But more to my point - admissions people loved talking about it. They didn't seem to think it was a problem that I hadn't held dying patients' hands or cleaned up messes or had long deep conversations about the difficulty of obtaining healthcare with patients. They cared much more that I saw what a physician's (at least one specialty) daily life was like including the successes, failures, frustrations, long hours, paperwork (that was a big one), etc. Obviously the exposure to terms, procedures, patients, etc was valuable but they really liked it when I talked about how I got a decent picture of their work life (and a little window into their lives outside medicine) and still wanted to go into the field more than ever.

Side notes - I still found the time for classes, volunteering, and personal/family time despite the irregularity of an EM schedule. Ask me anything else you would like to know.
 
I'd go for scribing. The job isn't the most fun (you're typing on a computer for nearly the entire shift if you're in a busy facility- which is most ERs and clinics!), but you do learn a lot just from doing the charts. A LOT. And that part is pretty interesting.

You generally get to see:
1. The complaint that the patients have and all their symptoms
2. Their relevant medical history to their current complaints
3. The results from the physical exam the Doctor does (usually get to be present for this too)
4. What labs/imaging/interventions the Doctor orders and the results of these tests/interventions
5. The doctor's final thoughts on how they determined what the issue was, what they did, and any further care/treatment the patient may need in the future

The amount of actual care (e.g. suturing, putting a chest tube, etc) you see varies depending on the situation. Most care is provided by the doctor and the nurse without you present (you have a lot of charting to do!), except in emergency cases (stabilization cases off an ambulance where the patient history/charting is done simultaneously with the care being provided). I've found most Doctors are more than happy to let you come in if you've never seen a chest tube put in before, sutures, or a reduction (among numerous other procedures).

The doctors don't dumb anything down for you doing their charts either. You'll learn so much medical terminology. A patient isn't breathing fast, they are tachypneic. They expect you to use this terminology in the charts.

I've also found most doctors are willing to take time to explain things to you if you don't understand something. Why did this lab value make you believe this?

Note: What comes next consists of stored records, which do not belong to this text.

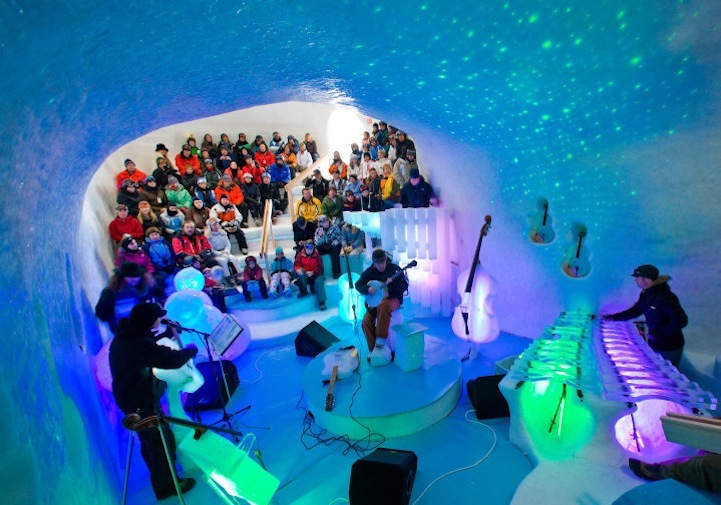 Музыканты играют на инструментах, сделанных изо льда, Швеция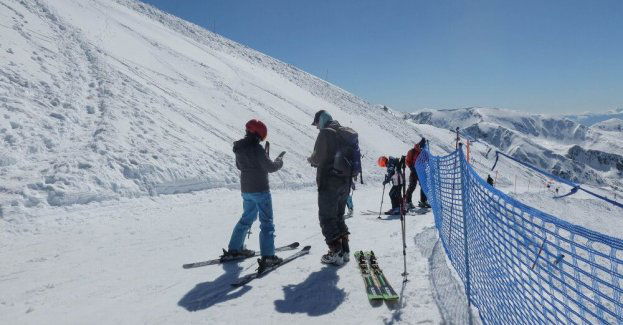 Na Kasprowym Wierchu ponad metr śniegu; wciąż można jeździć na nartach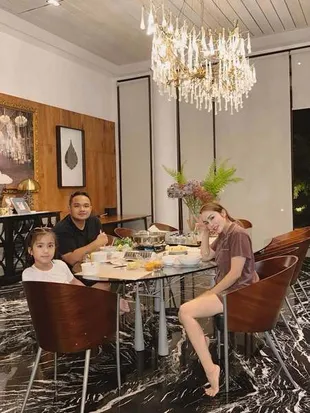 Momo Geisha Rayakan Anniversary Pernikahan ke-9, Dinner Pakai Piyama di Rumah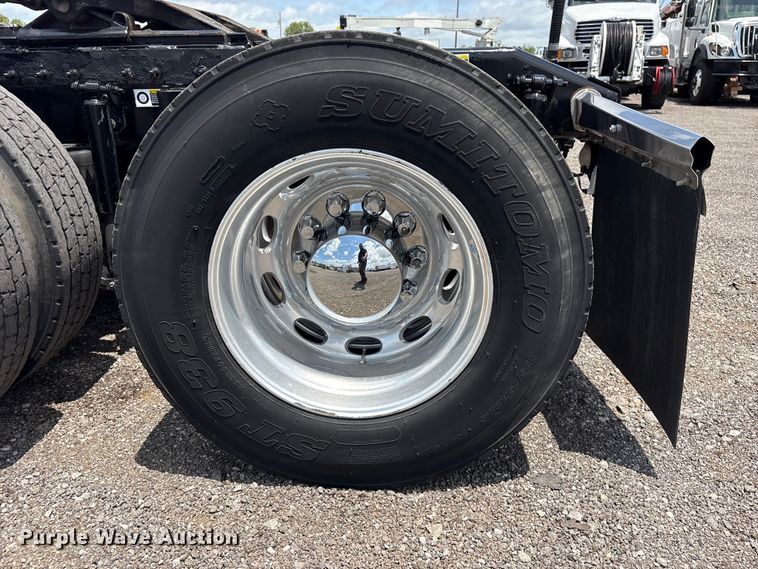 image for item EG9188 2013 Peterbilt 579 semi truck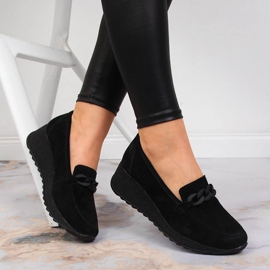 Kožené mokasíny Filippo DP3632 na klínku s řetízkem černá 1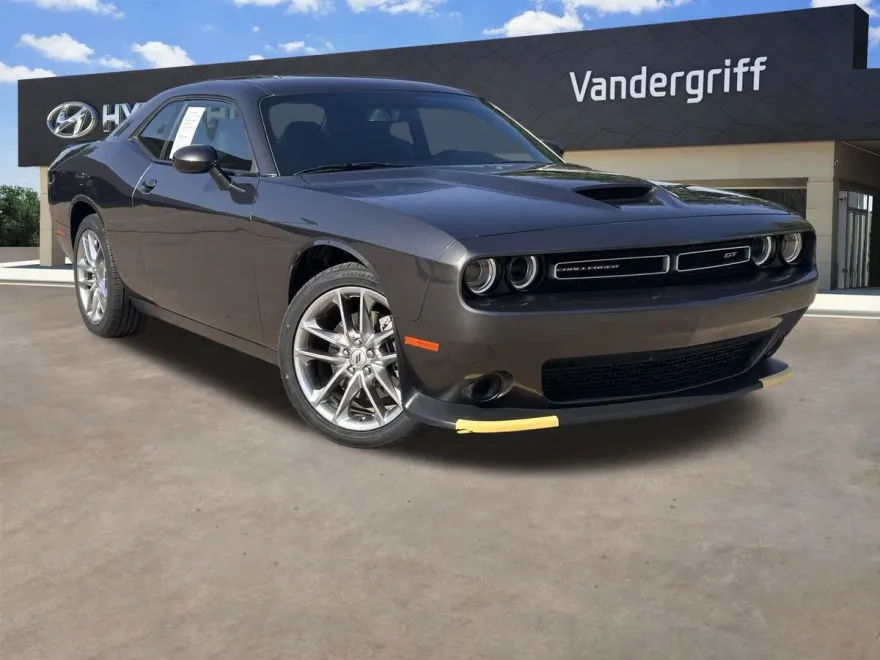 2023 Dodge Challenger GT photo 1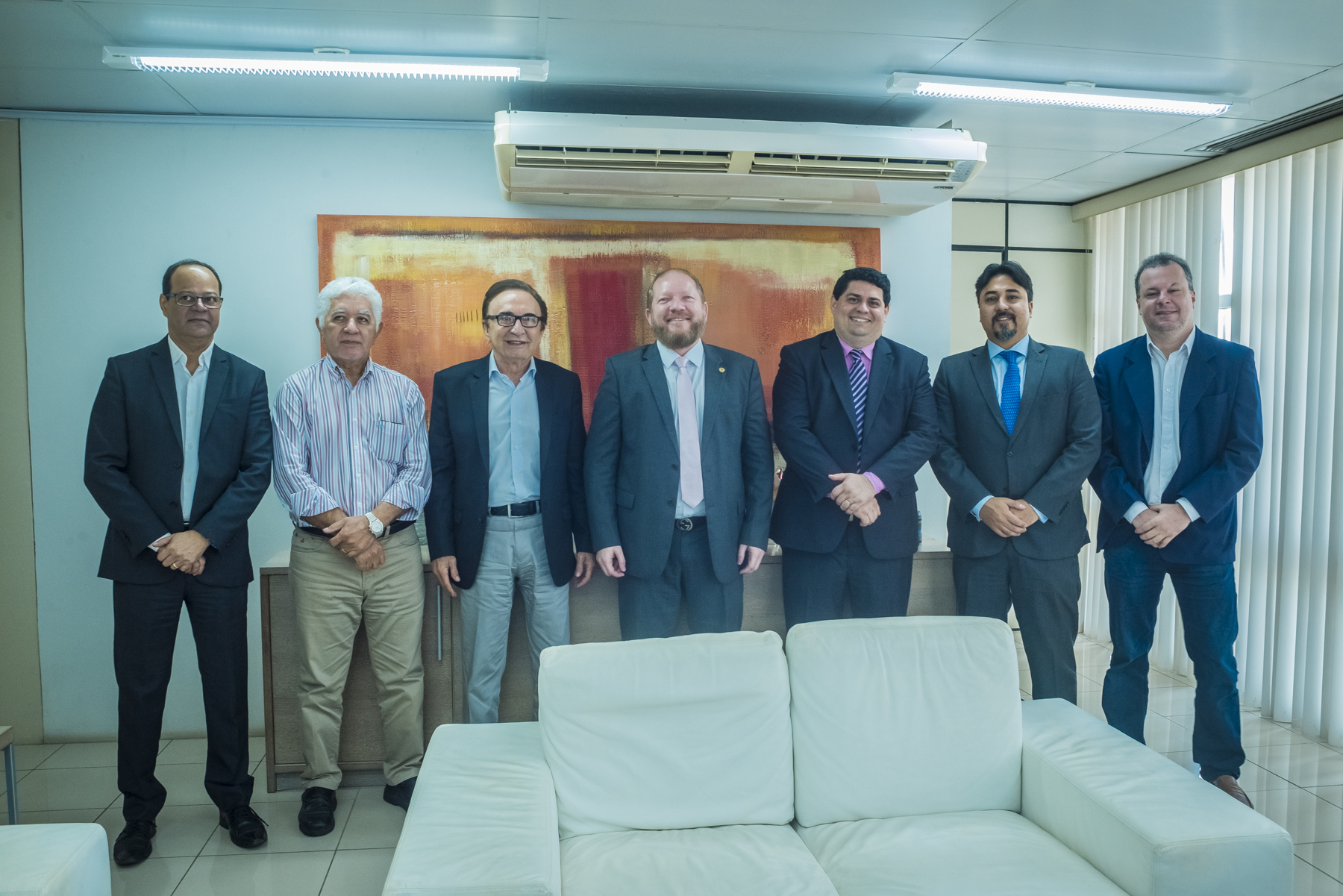 Em visita ao TCE, Othelino Neto discute parceria para divulgação das ações do órgão na TV Assembleia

Why did you order an MRI for this headache patient when you haven't for the last 40 headaches I've seen with you?

Another thing is you start to see things that doctors do that you dislike and things you really like. One doctor I work with always just walks up to his patients after introducing himself and while the patient is still talking starts his physical exam, often with palpations of what ever part is hurting. It tends to startle the patients. Fantastic doctor other than that, but has taught me that a quick "I'm just going to start examining your stomach, tell me if anything hurts" would go a long way in helping to not startle a patient and make them more comfortable.

I've altogether been surprised at how nice the doctors are to us and how much I've learned. I've shadowed in an ER before becoming a scribe, and while shadowing taught me a lot about a doctor's daily routine and how their day works, I've learned way more about medicine from scribing.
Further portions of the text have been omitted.